Сто лет одного мифа - Евгений Натанович Рудницкий
Шрифт:
Интервал:
Закладка:
Главной удачей этой постановки следует, пожалуй, считать сценическое решение образа главного персонажа, Ганса Сакса. По словам музыкального критика Вольфганга Шадевальдта, оно принципиально отличалось от традиционного представления о грубоватом добряке, «…демонстрирующем свою суть громогласными речами, простиранием обеих рук и возложением их на плечи или крепкими мужскими объятиями». Виланд придал своему Саксу внешнее сходство с Рихардом Вагнером и подчеркнул архетипический характер персонажа, сделав из него обобщенный тип сократовского мудреца, о котором Рихард Вагнер писал в Обращении к друзьям, отмечая, что Сакс, как и Сократ, ищет «мудрость не в замкнутом учебном классе, а в переулках, среди народа». Певец Ганс Хоттер изобразил, по Шадевальдту, «Сакса королевской скромности», что вполне соответствовало режиссерской концепции. Виланд Вагнер нашел также характерное для его архетипического театра решение сцены Сакса и Евы из второго акта.
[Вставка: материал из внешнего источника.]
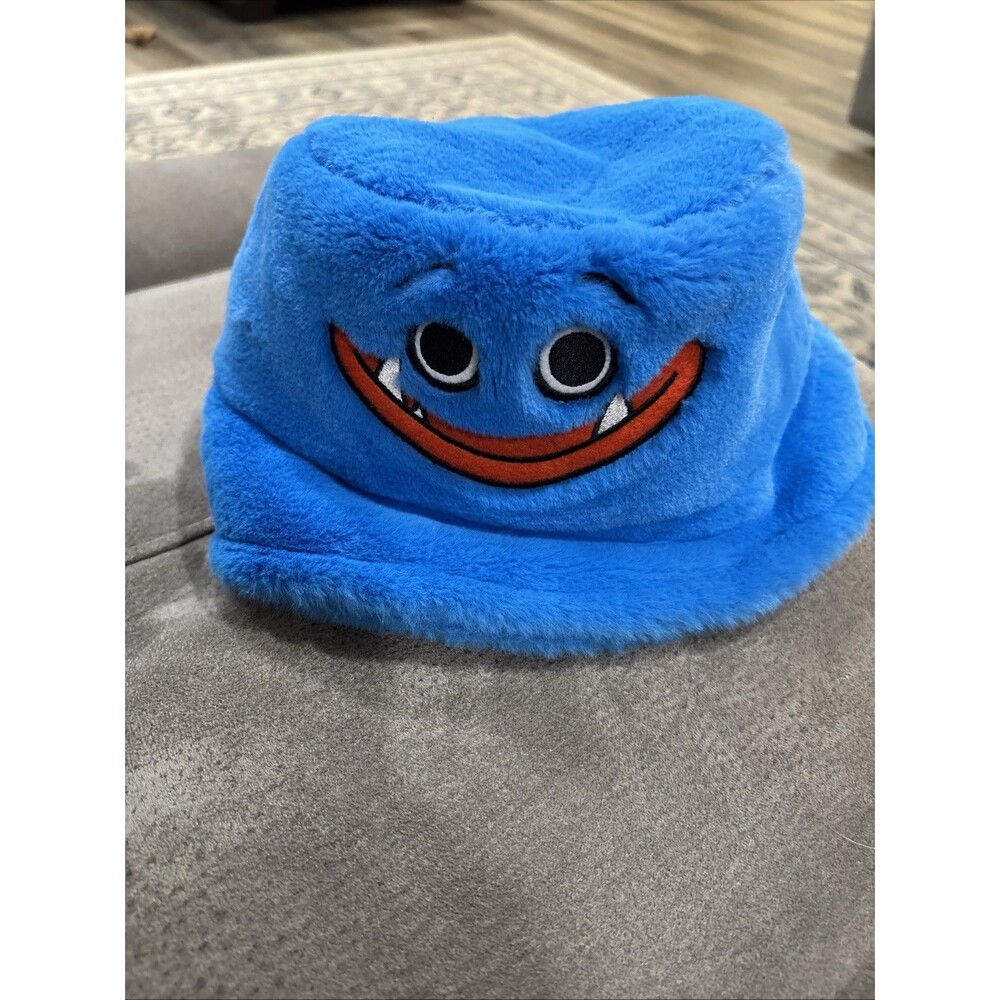 Poppy Playtime Hat Huggy Wuggy Blue Plush Bucket Hat Soft Smile Culturefly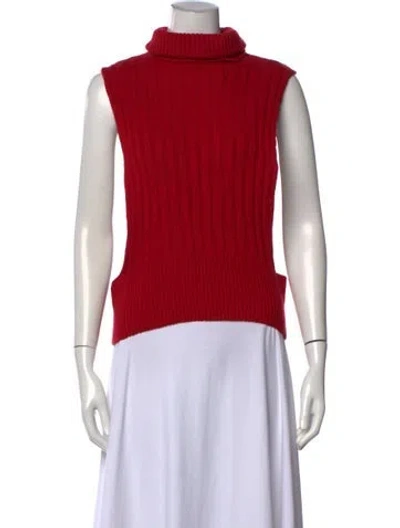 Pre-owned Dagmar Lambswool Turtleneck Sweater In Red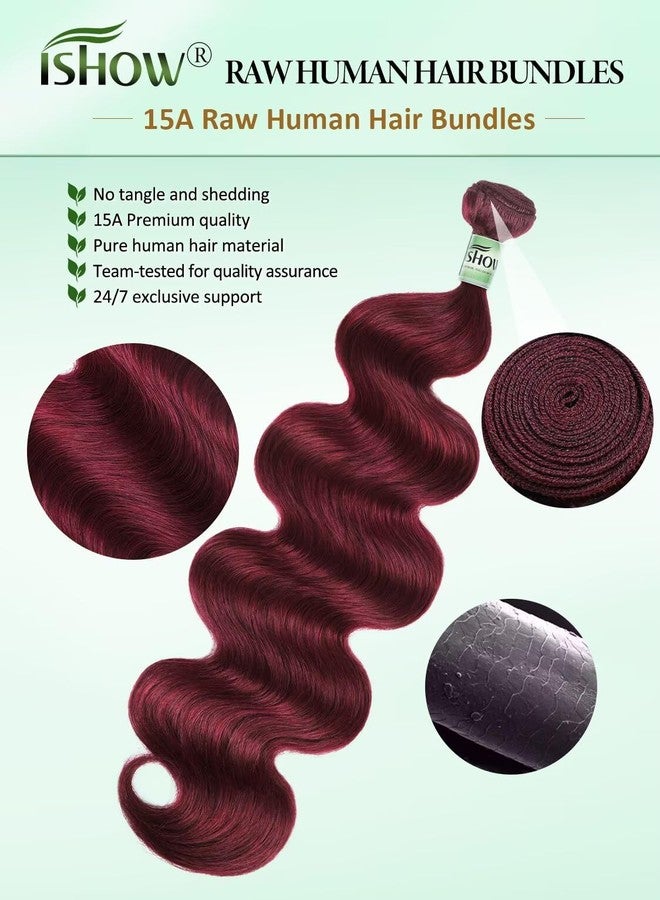 ISHOW Raw Human Hair Bundles, 100% Unprocessed Virgin Human Hair, 15A Body Wave Premium Quality Bundles Producer, 16 Inch Single Bundle, Long Lasting, Red Burgundy Color 99J - Image 4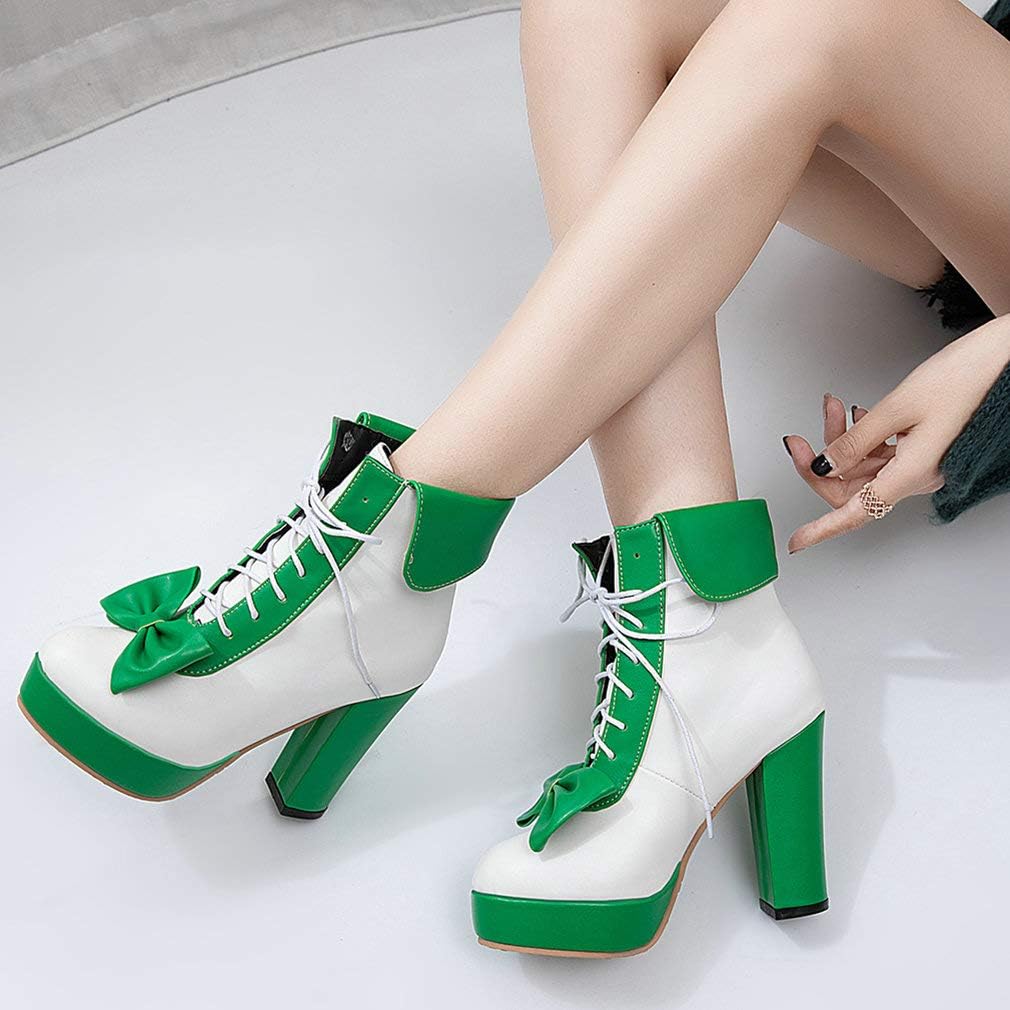 Parisuit Womens Dress Kawaii Boots Chunky High Heel Platform Ankle Booties Lace Up Sweet Bow Shoes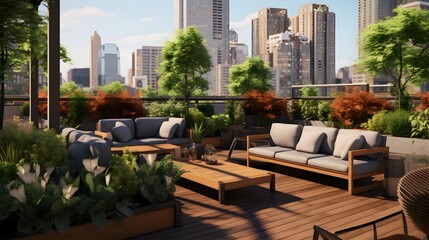 Terrace with a view of the city of Chicago, USA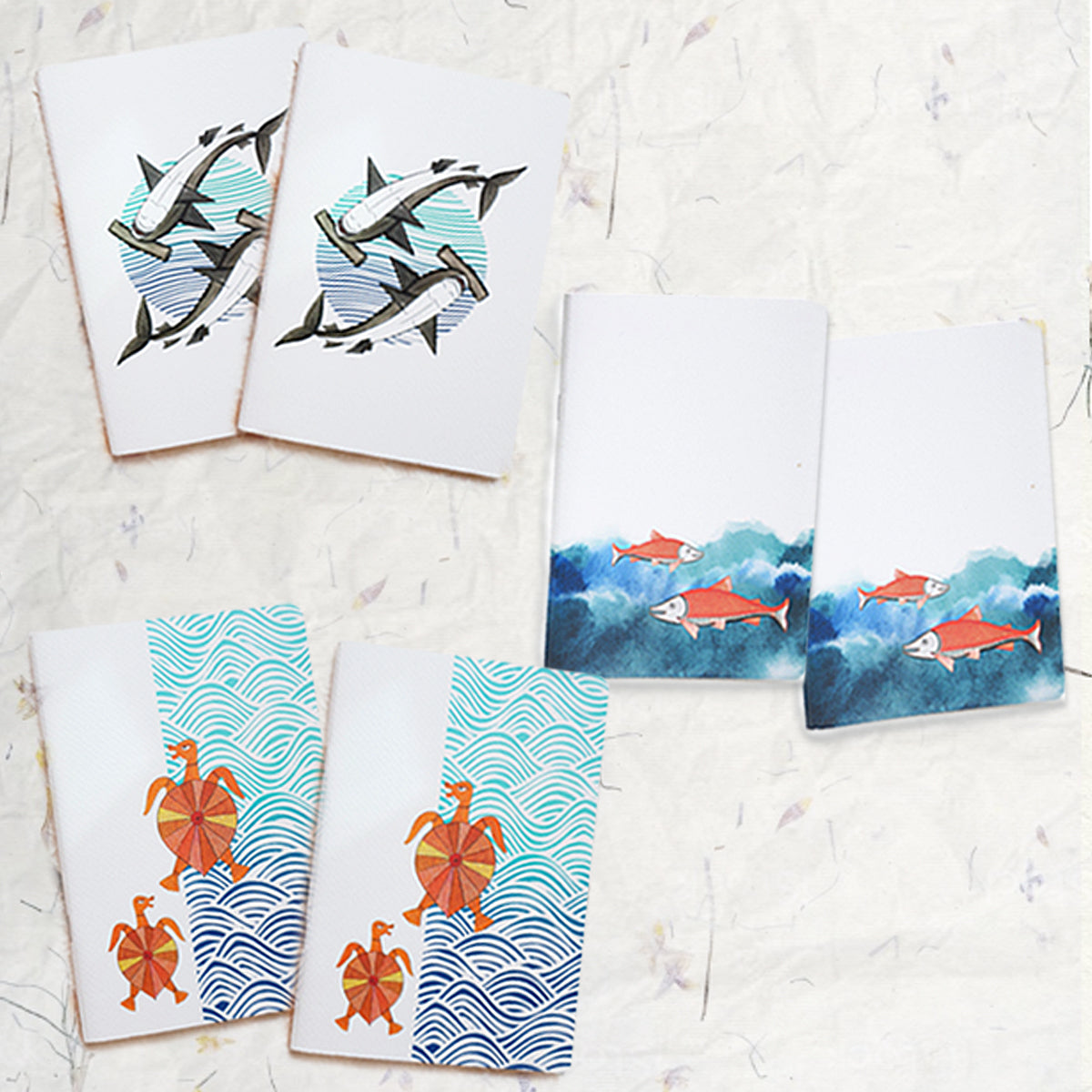 Ocean series notebooks – "Ocean Series" Notebooks in Collaboration with Traditional Pattachitra Artisan Rupsona by Ekibeki (Set of 6)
В середине 2010-х оно было воспроизведено в спектакле Баденской государственной оперы (Карлсруэ). Эта нарочито эклектичная постановка сочетала в себе элементы разных стилей, и включение сцены из байройтской постановки 1956 года стало, по-видимому, данью памяти замечательному режиссеру и сценографу. Здесь Виланд в очередной раз поместил персонажей на фоне круглого горизонта на наклонной площадке-шайбе, над которой парил стилизованный в виде шара куст бузины (а не упомянутой в тексте сирени, которая ко Дню святого Иоанна уже отцветает), и таким образом избавил зрителя от необходимости созерцать лишние детали, заставив сосредоточиться на сути происходящего на сцене.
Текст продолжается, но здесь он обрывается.